Lopez-controlled First Gen Corporation is prepared to invest $20 billion as it sets its sights on expanding its capacity to 13 gigawatts by 2030, more than four times its existing portfolio of just over 3 gigawatts.
The company’s investments will be spread across geothermal, solar, hydro, and natural gas projects, as well as potential acquisitions and overseas ventures, a top executive told reporters in an interview.
“Our goal is 13 gigawatts by 2030. Right now, we are at three-something. It’s all 13 gigawatts,” Francis Giles B. Puno, President and Chief Operating Officer, said.
Puno admitted that the path forward will not be easy, noting that renewable energy projects take time to develop.
Still, he emphasized that the roadmap reflects both growth opportunities and that FGEN intends to protect its market share in the power sector.
Currently, the company operates 500 megawatts to 600 megawatts of geothermal capacity, with expansion plans both locally and overseas.

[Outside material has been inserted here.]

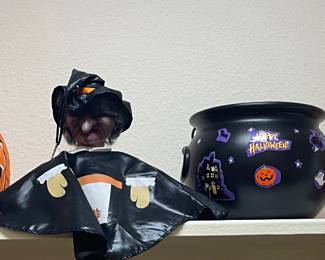 HALLOWEEN DECOR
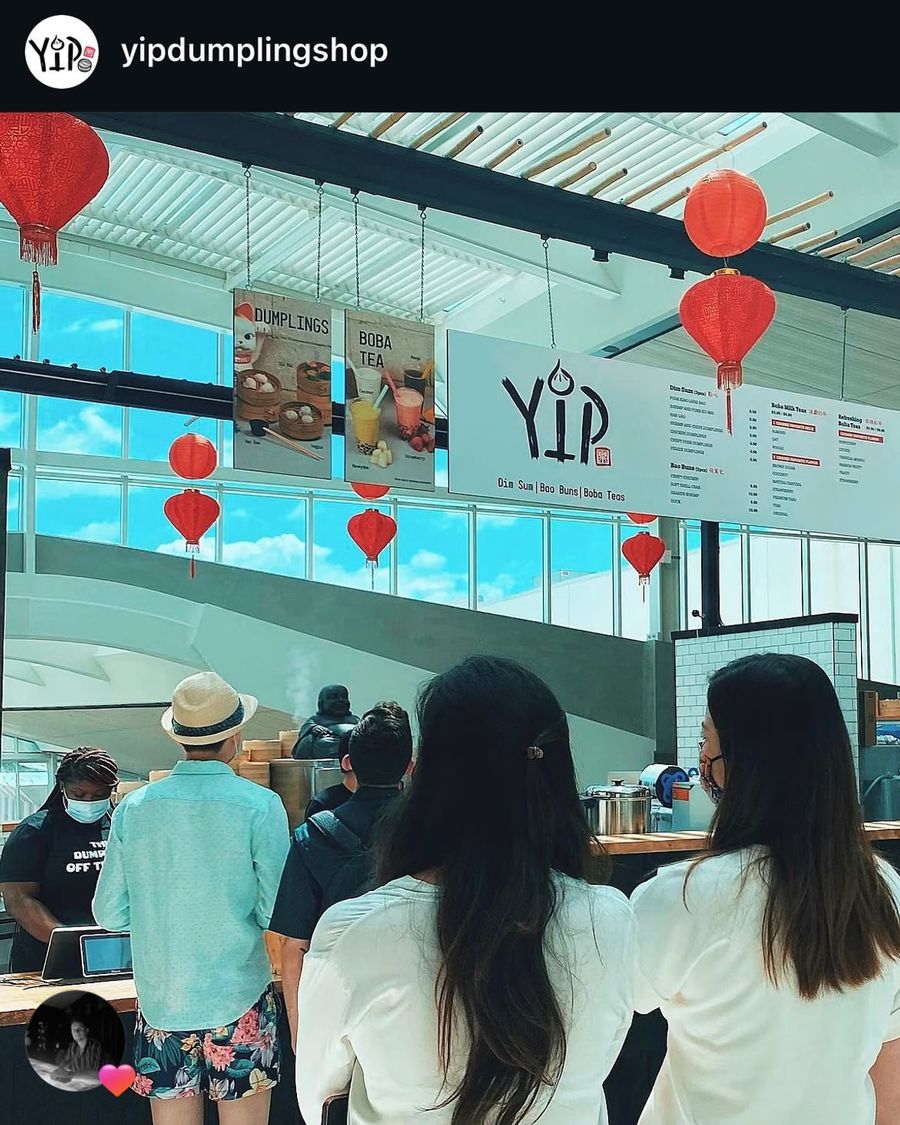 Yip Miami: Aventura Mall Opening & Brand Expansion — image 2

In Mindanao, FGEN is preparing to drill at its Amakan greenfield geothermal site in Davao de Oro, which could produce 70 to 100 MW.
“Hopefully, we will start drilling in Amakan by next month or so. The nice thing about it is it’s a greenfield geothermal. It’s not an expansion,” Puno said, while stressing the importance of government support to reduce the risks tied to high upfront costs in geothermal ventures.
In addition, FGEN is developing modular solar projects of around 50 MW each and pursuing hydro expansions.
On FGEN’s gas venture, its planned 1,200-MW Santa Maria plant is expected to deliver about 10 percent of the 2030 capacity target.